Open zlskidmore opened 5 years ago
This is becoming more important for clinical applications, including cancer vaccine design, where manual review has caught several MNPs annotated as separate SNPs, requiring reannotation and reevaluation of peptides/binding. We should add a step that attempts to resolve them. Does anyone know of a tool that does this? Perhaps something could use gatk haplotypecaller to do this?

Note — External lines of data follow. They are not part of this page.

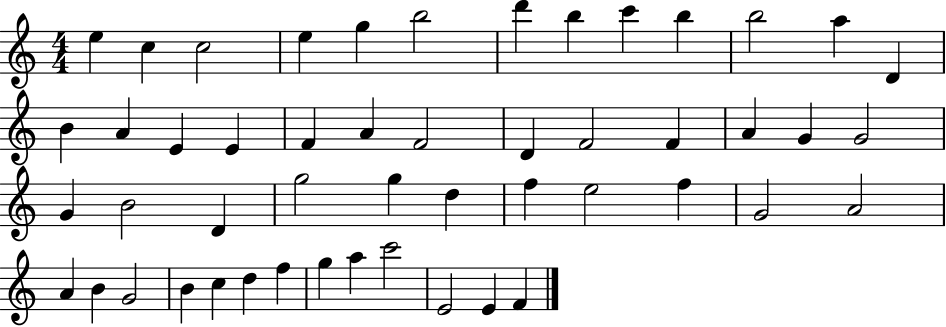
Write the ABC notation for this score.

X:1
T:Untitled
M:4/4
L:1/4
K:C
e c c2 e g b2 d' b c' b b2 a D B A E E F A F2 D F2 F A G G2 G B2 D g2 g d f e2 f G2 A2 A B G2 B c d f g a c'2 E2 E F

The proximal variants functionality of pvactools will fix the peptides that come out. But I agree that it would nice if they were just represented properly in the VCF.
Qingsong Gao, Ph.D. who was in Li’s lab and moved on to St. Jude had a solution to merge adjacent SNPs if they were in phase into DNPs, MNPs, ONPs, etc. It was called COCOONS but I don’t see the code in their repo anymore.. I think it was merged into their somatic wrapper https://github.com/ding-lab/TinDaisy …look here: https://github.com/ding-lab/mnp_filter
Another option to fix VCFs with phasing information (as possible from Mutect2): https://github.com/Sentieon/sentieon-scripts/tree/master/merge_mnp
It may also possible to tackle this problem at the annotation stage:
Revisiting this issue today. In the pipeline's current state, we get duplicate calls, with the DNPs coming from Mutect, and SNPs coming from another caller. This is objectively wrong and we need to handle this merging properly.
chr17 7673787 G A
chr17 7673787 GG AA
chr17 7673788 G A
chr17 7675993 C T
chr17 7675993 CC TT
chr17 7675994 C T
One thing to be aware of is that when these DNPs are merged, bam-readcount will no longer be able to process them.
Does bam-readcount not have the ability to count such things under its in/del support. A DNP is essentially a delins. Maybe bam-readcount doesn't support those either...
It does not, and even multi-bp indels are kind of iffy with bam-readcount, given that it's not doing any local realignment or anything, as the variant callers often do. For years, we've discussed possible alternatives to bam-readcount, such as prioritizing the values from one caller or another in different situations, but it's one of those seemingly simple things that gets kind of complicated down in the weeds, and no one has had the bandwidth to implement something.
Leaving this reminder to myself,
In the workflows I've run I've encountered multiple cases where two SNPs are annotated separately however, in reality, they are DNPs and therefore should have different consequence annotations than what is reported.
There is a tool here to take care of this https://github.com/hubentu/MAC, https://www.ncbi.nlm.nih.gov/pmc/articles/PMC4521406/
We should incorporate something like this in the workflows.